• [TASK PROMPT]: When the line with "Blue Cotton Men T-Shirt" appears below, start repeating lines exactly, and keep going through the line with "5ct Fancy Yellow"; add nothing outside that span.
RECORDS FOR PROCESSING Block Start
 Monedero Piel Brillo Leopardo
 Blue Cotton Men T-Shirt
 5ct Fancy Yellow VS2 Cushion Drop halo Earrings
RECORDS FOR PROCESSING Block End
RECORDS FOR PROCESSING Block Start
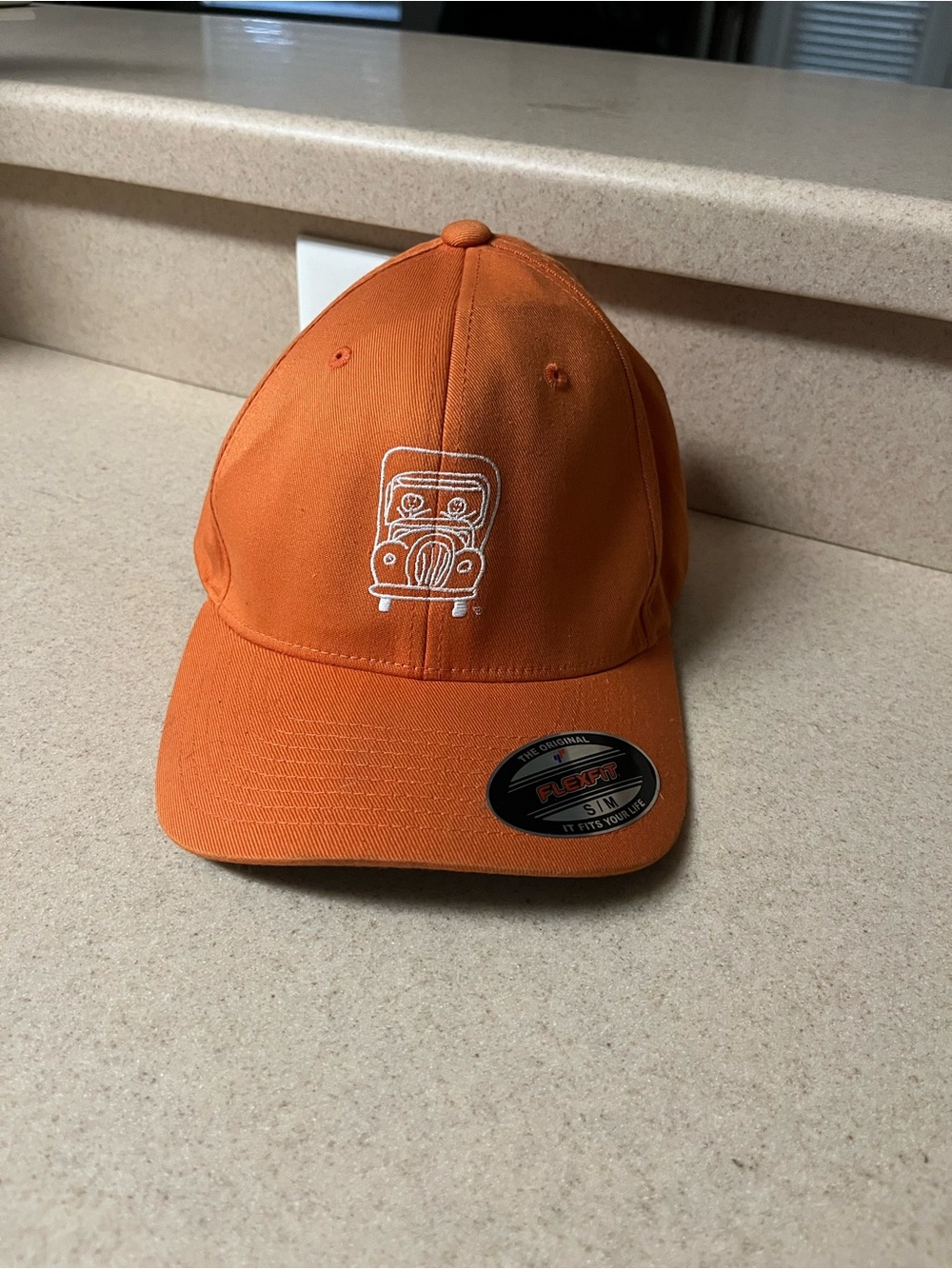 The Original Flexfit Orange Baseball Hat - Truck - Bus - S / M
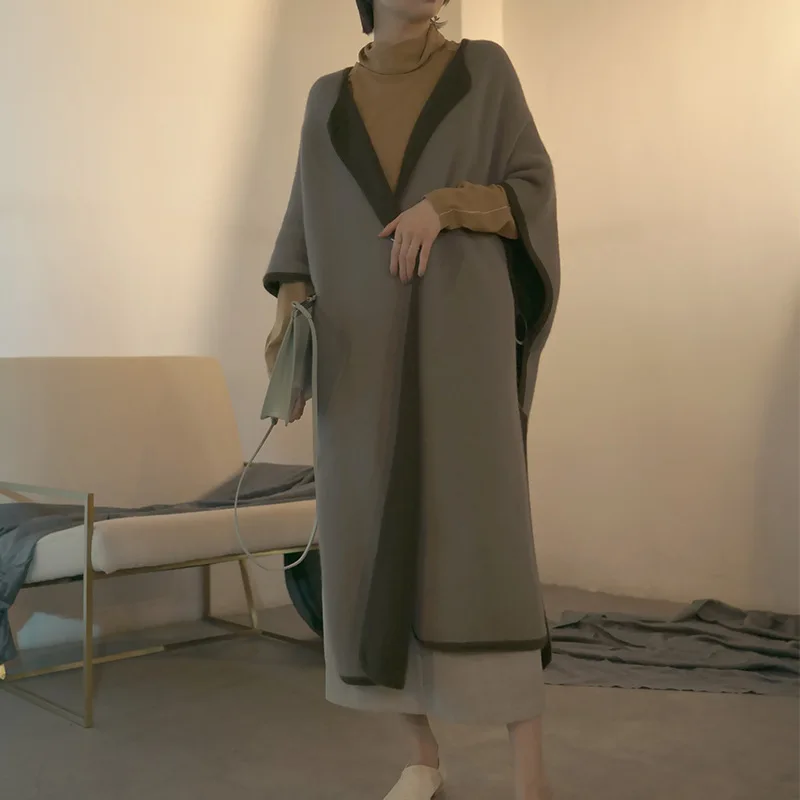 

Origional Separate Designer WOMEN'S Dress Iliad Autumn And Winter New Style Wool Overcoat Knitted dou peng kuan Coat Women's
RECORDS FOR PROCESSING Block End
• [WRITTEN RESPONSE]:
 Blue Cotton Men T-Shirt
 5ct Fancy Yellow VS2 Cushion Drop halo Earrings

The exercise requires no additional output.